● Exercise details
Type out the whole listing again exactly, pictures omitted.

● Given material
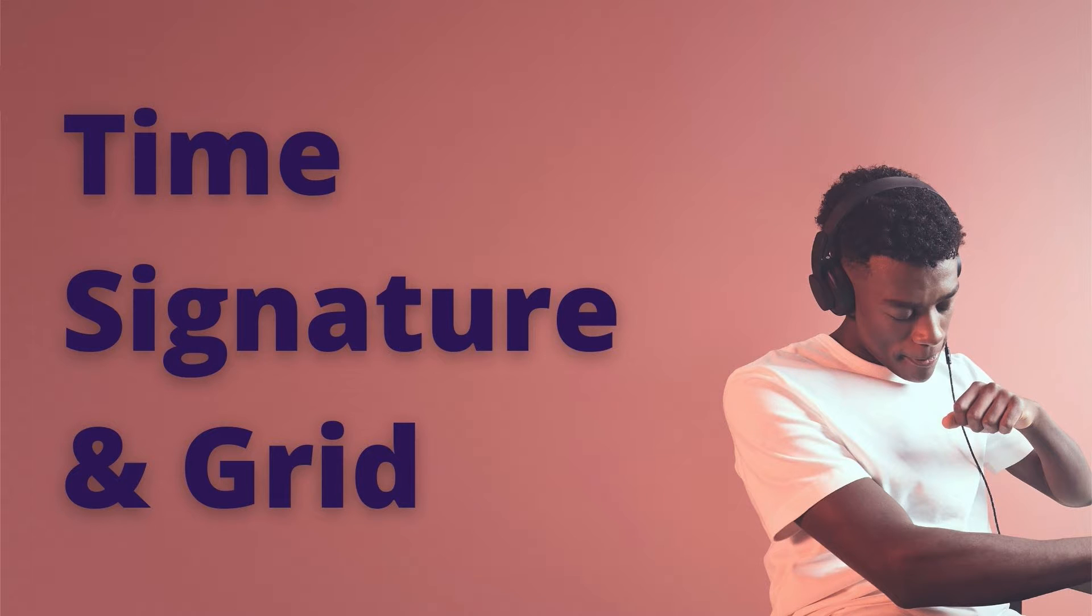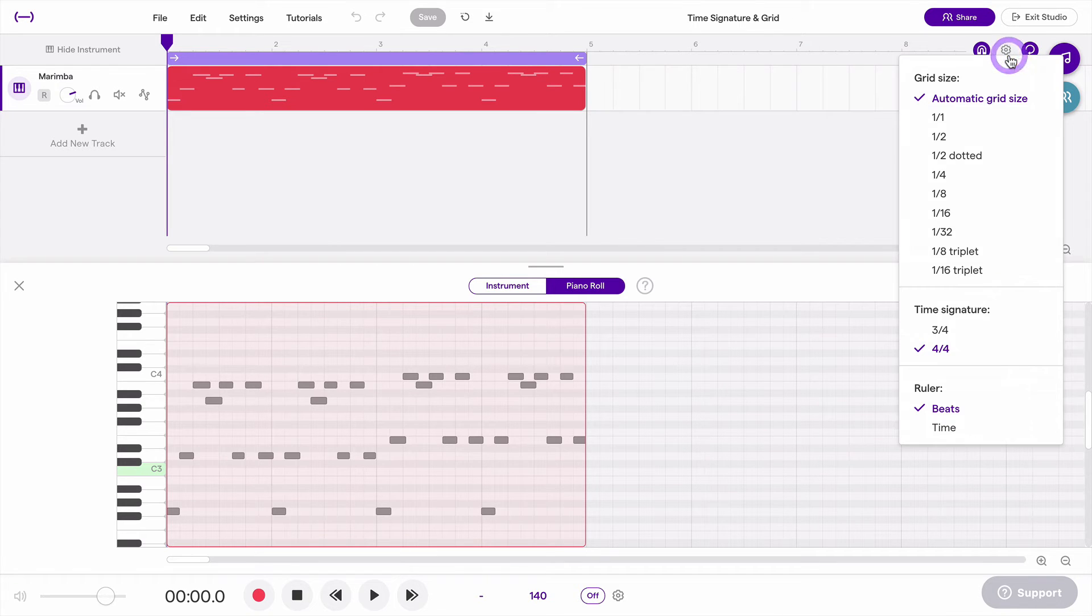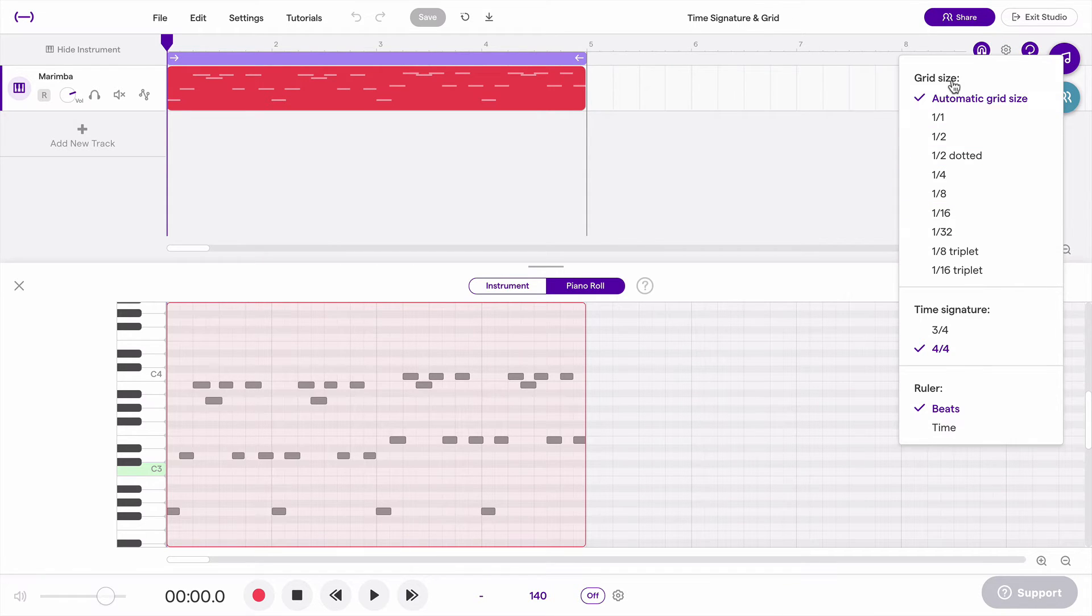In this video, we'll look at time signature and grid settings and how to adjust them. What we're going to look at is this button up here. So you see this little gear, click that, and this first column here is grid size.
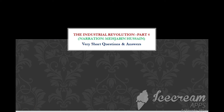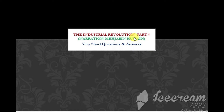Hi friends, welcome back to class remotely. This is Mahjabeen. In today's video, I am going to take you through some very short questions and answers from history lesson for class 8, Industrial Revolution. This is video part 4.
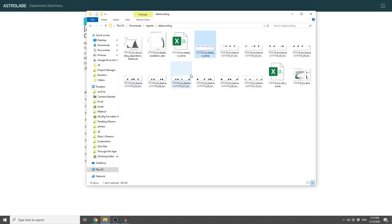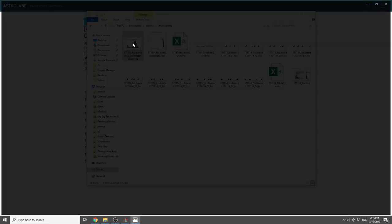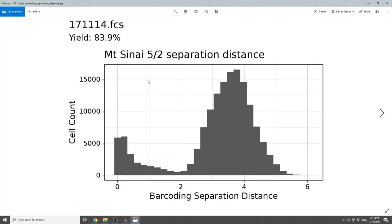And finally, Astrolabe is going to calculate the yield and the barcoding separation distance. The yield is the percent of events that have been assigned to any of the codes. In this case, these are PBMCs. The yield is about 84%, and I think that's a pretty good value that's to be expected.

● Exercise response
In this video, we'll look at time signature and grid settings and how to adjust them. What we're going to look at is this button up here. So you see this little gear, click that, and this first column here is grid size.
Hi friends, welcome back to class remotely. This is Mahjabeen. In today's video, I am going to take you through some very short questions and answers from history lesson for class 8, Industrial Revolution. This is video part 4.
And finally, Astrolabe is going to calculate the yield and the barcoding separation distance. The yield is the percent of events that have been assigned to any of the codes. In this case, these are PBMCs. The yield is about 84%, and I think that's a pretty good value that's to be expected.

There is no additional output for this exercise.